### [THE PROBLEM]
Go to the line holding "LESN HOTEL PERLAK *** 4" in the data below and repeat it exactly, then each line after it up to and including the one holding "miumiu detachable lace collar suit". Omit pictures.
(EXCERPTED DATA)
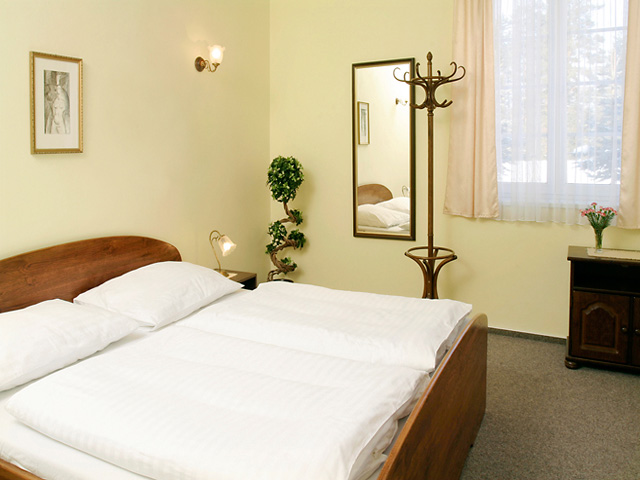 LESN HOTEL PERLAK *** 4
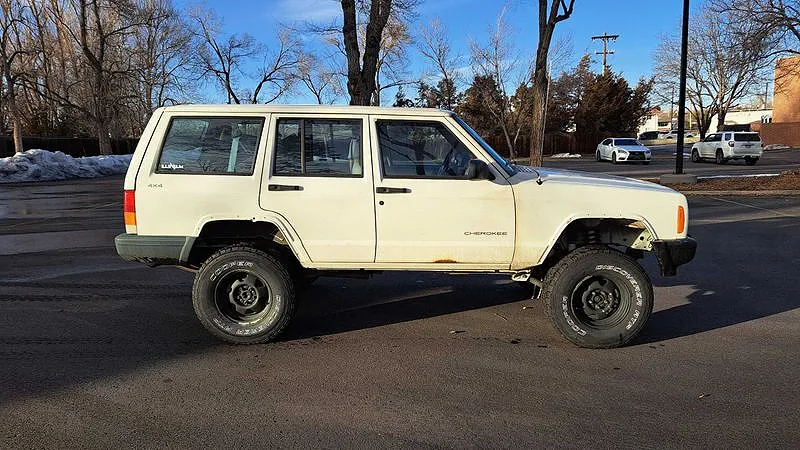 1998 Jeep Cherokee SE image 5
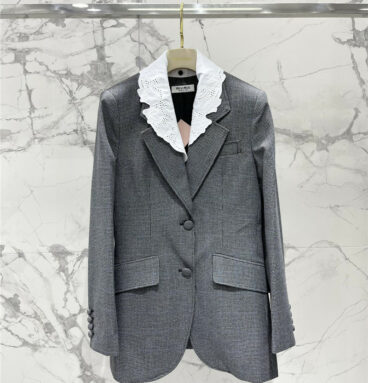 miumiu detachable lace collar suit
(End EXCERPTED DATA)
(EXCERPTED DATA)
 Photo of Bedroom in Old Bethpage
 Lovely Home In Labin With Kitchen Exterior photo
(End EXCERPTED DATA)
### [THE ANSWER]
 LESN HOTEL PERLAK *** 4
 1998 Jeep Cherokee SE image 5
 miumiu detachable lace collar suit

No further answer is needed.